- Ronin Book One

Publication information
- Publisher: DC Comics
- Schedule: Every six weeks
- Format: Limited series
- Genre: Cyberpunk;
- Publication date: July 1983 – August 1984
- No. of issues: 6

Creative team
- Written by: Frank Miller
- Artist: Frank Miller
- Letterer: John Costanza
- Colorist: Lynn Varley
- Editor: Frank Miller

Collected editions
- Absolute Ronin: ISBN 1-4012-1908-X

= Ronin (DC Comics) =

Comic book limited series

Ronin (formally written as Rōnin) is an American comic book limited series published by DC Comics between 1983 and 1984. The series was written and drawn by Frank Miller with artwork painted by Lynn Varley. It takes place in a dystopic near-future New York City in which a ronin is reincarnated. The six-issue work shows some of the strongest influences of manga and bande dessinée on Miller's style, both in the artwork and narrative style.

==Concept and creation==
The ideas for Ronin came together while Miller was doing extensive research into kung fu films, martial arts, samurai comic books and samurai ethics for his work on Daredevil. He remarked that "the aspect of the samurai that intrigues me most is the ronin, the masterless samurai, the fallen warrior. ... This entire project comes from my feelings that we, modern men, are ronin. We're kind of cut loose. I don't get the feeling from the people I know, the people I see on the street, that they have something greater than themselves to believe in. Patriotism, religion, whatever — they've all lost their meaning for us."

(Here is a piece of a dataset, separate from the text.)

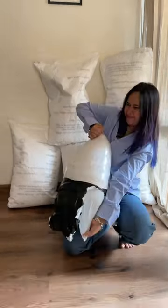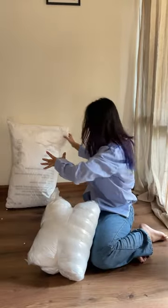Hi! I got a bean bag, which is like a sofa chair. I don't know how to fill it.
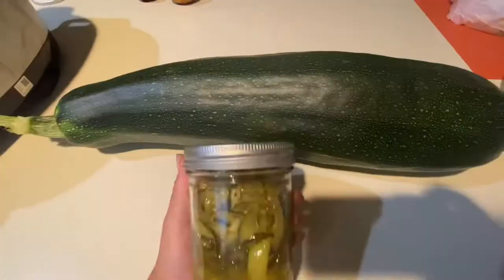You do not have to have cucumbers to make pickles. Zucchini makes amazing pickles. Let's use this giant zucchini to make some bread and butter pickles.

Ronin was in part inspired by Kazuo Koike and Goseki Kojima's manga series Kozure Ōkami. Though Kozure Ōkami would receive an English localization several years later as Lone Wolf and Cub, at the time Miller could not read the text and had to rely on the artwork for his understanding of the story. According to former Marvel Comics editor-in-chief Jim Shooter, Ronin was originally slated to be serialized as part of an anthology series, alongside work by Walt Simonson and Jim Starlin. Ultimately, however, Miller was persuaded by publisher Jenette Kahn that DC Comics would give him as much freedom as he desired for the series, and DC published Ronin beginning in 1983.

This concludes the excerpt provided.